I see your post as below ?

"[contact details removed by moderator, this is for your own safety] (and forum rules specify English only, by the way.)"


----------



## nitinmoudgil (May 21, 2014)

lol.... good move moderator...

hey people... rkeethadath and vibhor...

which stream are you from


----------



## nitinmoudgil (May 21, 2014)

can u people private message me ???


----------



## vibhory2j (Oct 11, 2014)

rkeethadath said:


> I am very happy to see this question asked which I was about to ask. I have Employment Visa interview with German Consulate, Dubai in this week. Please share your experience with the Visa process.


Is your interview done? Please share your experience. What documents were required? And did they mention anything Abt processing time.

Regards


----------



## nitinmoudgil (May 21, 2014)

vibhory2j said:


> Is your interview done? Please share your experience. What documents were required? And did they mention anything Abt processing time.
> 
> Regards


ya please share the same...


----------



## 98741 (Dec 9, 2016)

No. Mine is scheduled for 15 Dec 2016. I will update my experience here once done.


----------



## nitinmoudgil (May 21, 2014)

rkeethadath said:


> No. Mine is scheduled for 15 Dec 2016. I will update my experience here once done.


yours is job seeker or work visa ?


----------



## 98741 (Dec 9, 2016)

nitinmoudgil said:


> yours is job seeker or work visa ?


It is work visa (Blue card). Do you in general how is German Consulate, Dubai. Any body has some previous experience with German Consulate, Dubai.


----------



## nitinmoudgil (May 21, 2014)

rkeethadath said:


> It is work visa (Blue card). Do you in general how is German Consulate, Dubai. Any body has some previous experience with German Consulate, Dubai.


i have after u... but ya i got my schenegen visa in 4 days...
last month


----------



## 98741 (Dec 9, 2016)

I have submitted my Long term visa (Blue card) application today at German Consulate, Dubai. 

She asked few questions from my application. Collected applications, photo and passport. 

She said to come after weekend(Sunday) to collect the passport. Also told to get the Health insurance. I already had that so I gave it to her. That's it.

1.5 hours later, I got a call from the same lady and said they have got feedback regarding my application and can collect my passport on 9-10AM on Sunday from German Consulate, Dubai.

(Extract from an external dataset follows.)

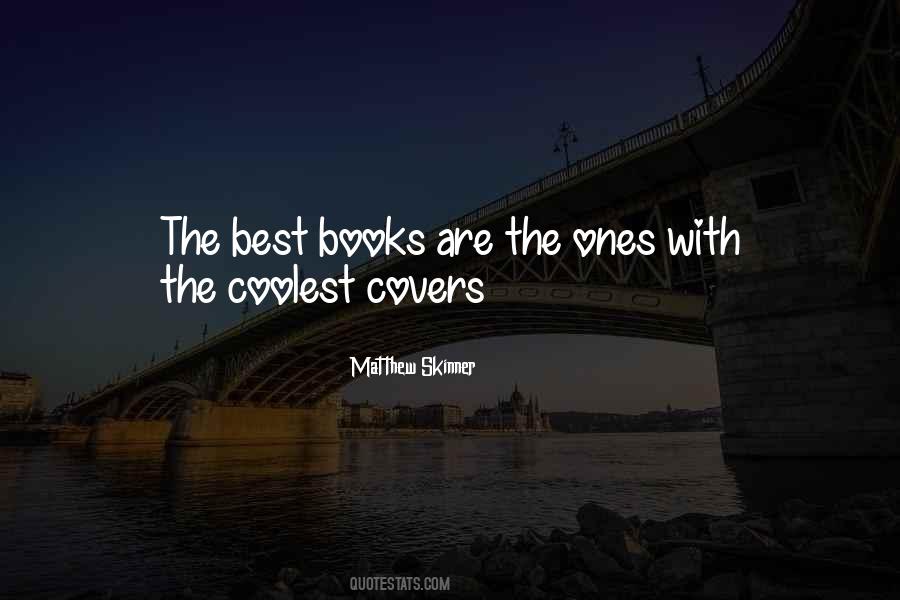 Matthew Skinner Quotes #783284 Matthew Skinner Quotes #783284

I am wondering will this be so fast like this?


----------



## nitinmoudgil (May 21, 2014)

rkeethadath said:


> I have submitted my Long term visa (Blue card) application today at German Consulate, Dubai.
> 
> She asked few questions from my application. Collected applications, photo and passport.
> 
> ...


wow... that was quick... u will get ur visa on sunday.. its just 2 days main


----------



## nitinmoudgil (May 21, 2014)

rkeethadath said:


> I have submitted my Long term visa (Blue card) application today at German Consulate, Dubai.
> 
> She asked few questions from my application. Collected applications, photo and passport.
> 
> ...


wow... that was quick... u will get ur visa on sunday.. its just 2 days main
can u confirm, what are the questions they asked ?


----------



## vibhory2j (Oct 11, 2014)

Hello All,

I too had my german consulate interview today and experience was more or less similar to the one rkeethdath had. Pretty straight forward. The person said it is approved based on the documents submitted. I just need to go back with Travel Insurance and the collect passport in two days.

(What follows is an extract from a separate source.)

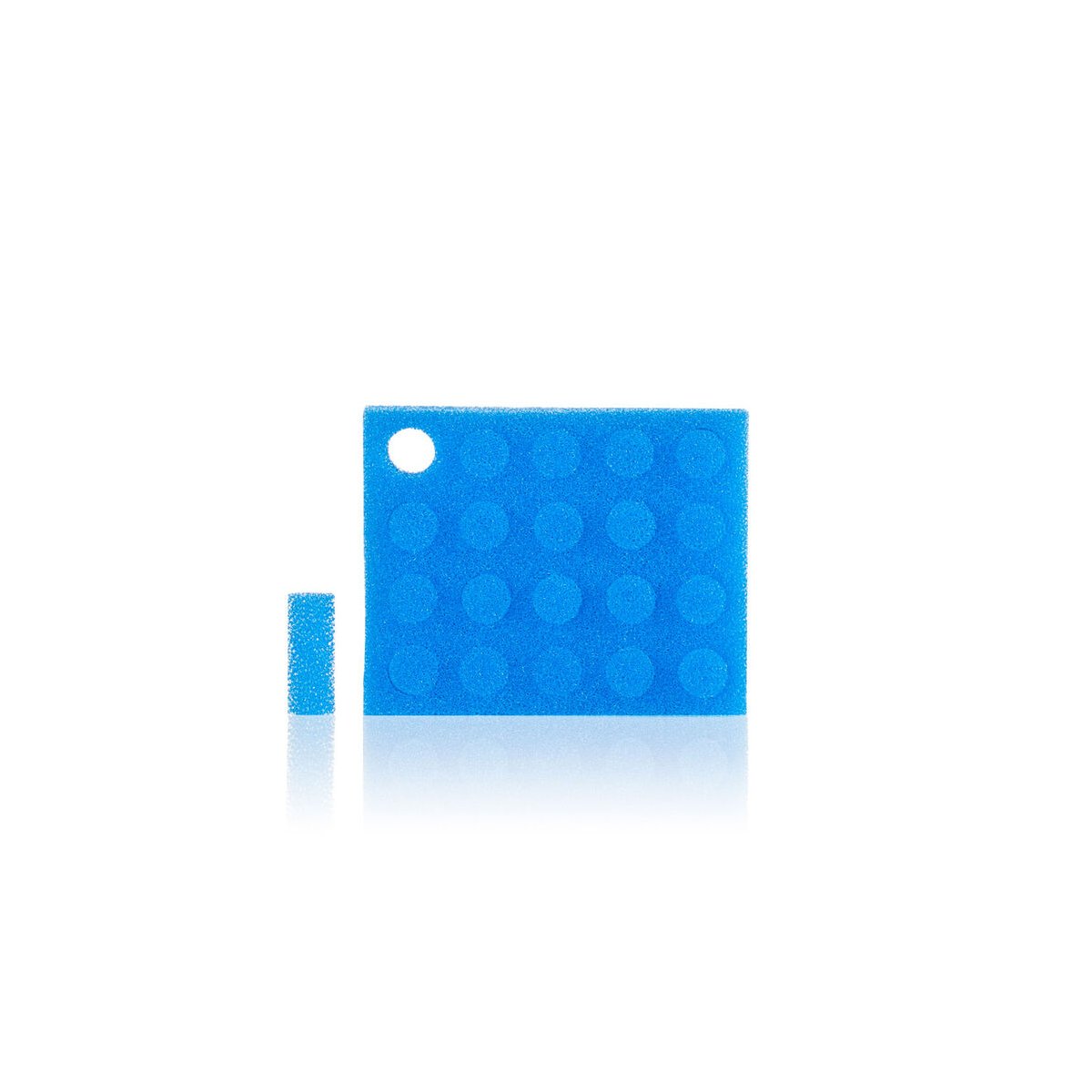 NoseFrida Aspirator Filters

On another note, if someone is interested to take their family along. Yes it is possible. However, they have different timline for family visa approval. It can not be completed as quick ours. May take upto 22 working days. However, eventually all can travel together.

Thanks


----------



## nitinmoudgil (May 21, 2014)

vibhory2j said:


> Hello All,
> 
> I too had my german consulate interview today and experience was more or less similar to the one rkeethdath had. Pretty straight forward. The person said it is approved based on the documents submitted. I just need to go back with Travel Insurance and the collect passport in two days.
> 
> ...



vibhor so u will also go on sunday... and confirm me one thing.. how long interview goes.. like 5 mins or 10 mins


----------